| INSTRUCTIONS TO FOLLOW |
The answer must repeat every record exactly, with all pictures omitted.

INPUT FOR THIS TASK: Begin

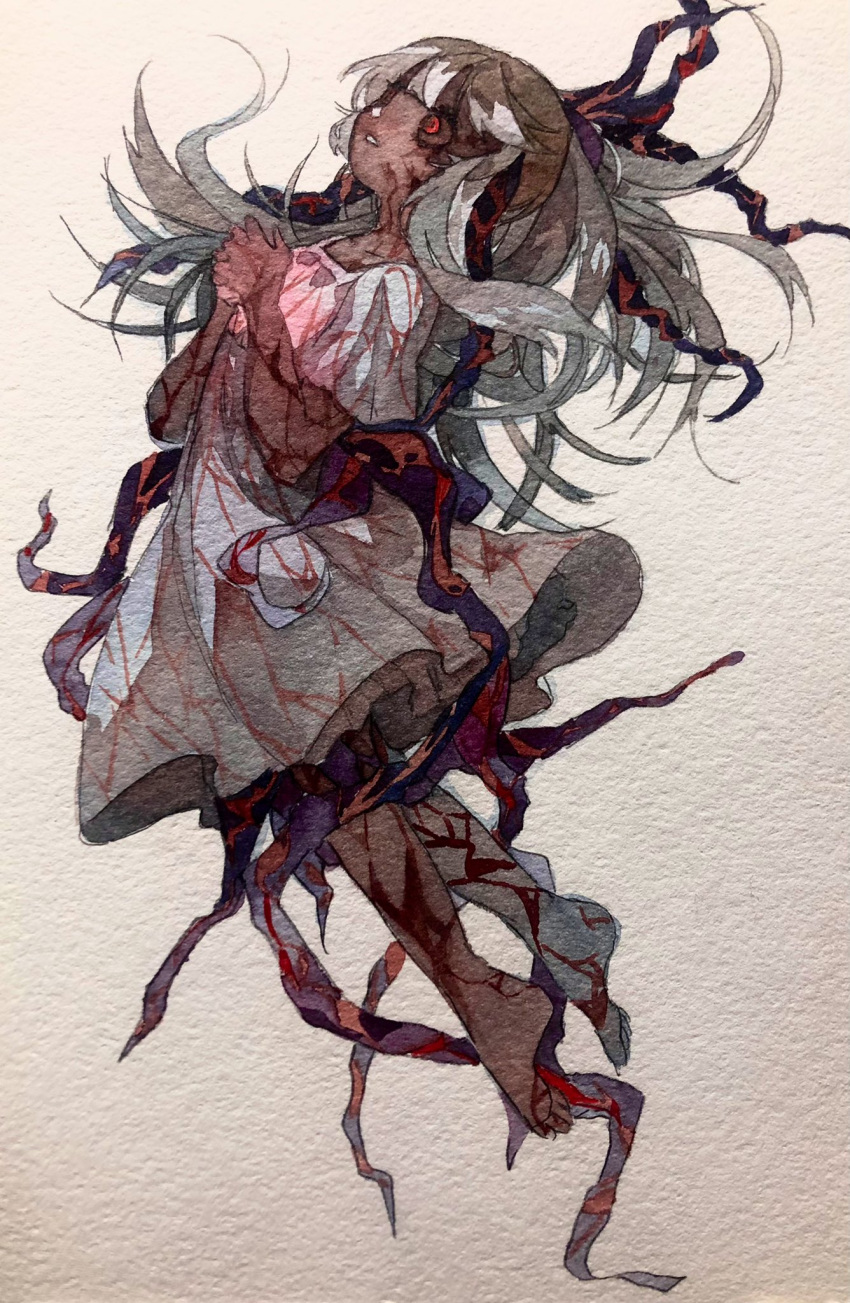 Safebooru 1girl ayame (no ohana) barefoot corruption dress ender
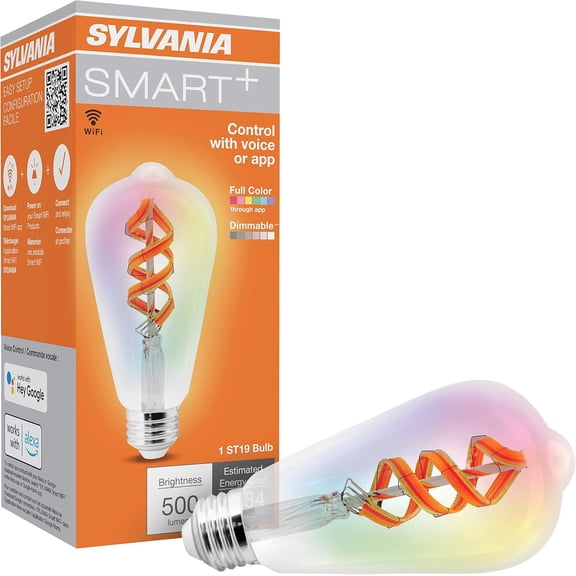 PLUHKN-Sylvania WiFi LED Smart ST19 RGBW Color and Amber Finish Filament Light Bulb, 7W Efficient, for Alexa/Google Assistant, 2000K, No Hub Required, Clear - 1 Pack (75809)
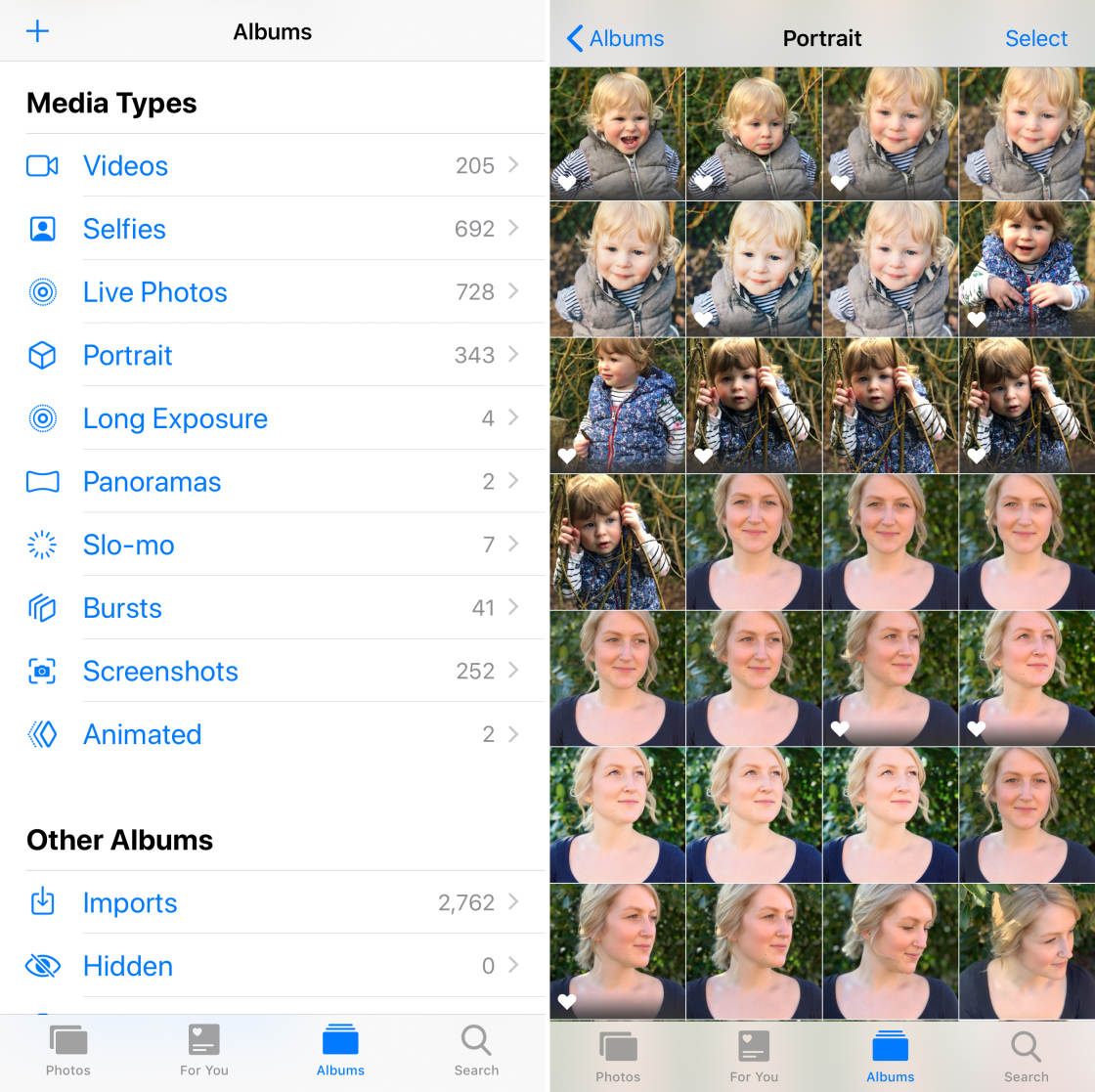 Albums de photos pour iPhone sans script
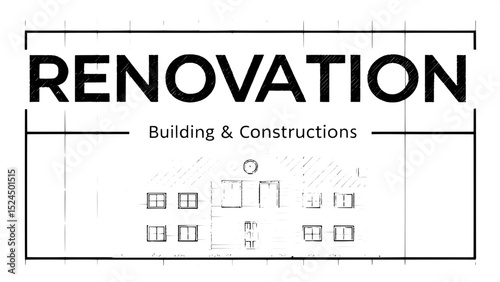 .Logo design featuring a bold, orange line-art house in the center of a black architectural grid. The text 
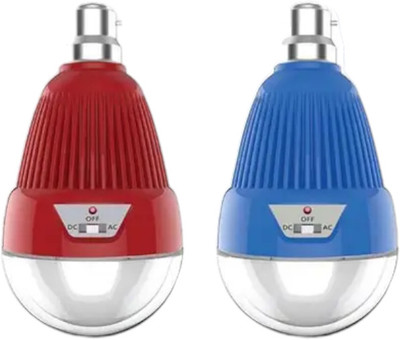 GLOWISH PACK OF 2 SUPER BRIGHT LED AC DC HANGING BULB 4 hrs Bulb Emergency Light(Red, Blue, White)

INPUT FOR THIS TASK: End

| OUTPUT FOR THIS TASK |
 Safebooru 1girl ayame (no ohana) barefoot corruption dress ender
 PLUHKN-Sylvania WiFi LED Smart ST19 RGBW Color and Amber Finish Filament Light Bulb, 7W Efficient, for Alexa/Google Assistant, 2000K, No Hub Required, Clear - 1 Pack (75809)
 Albums de photos pour iPhone sans script
 .Logo design featuring a bold, orange line-art house in the center of a black architectural grid. The text 
 GLOWISH PACK OF 2 SUPER BRIGHT LED AC DC HANGING BULB 4 hrs Bulb Emergency Light(Red, Blue, White)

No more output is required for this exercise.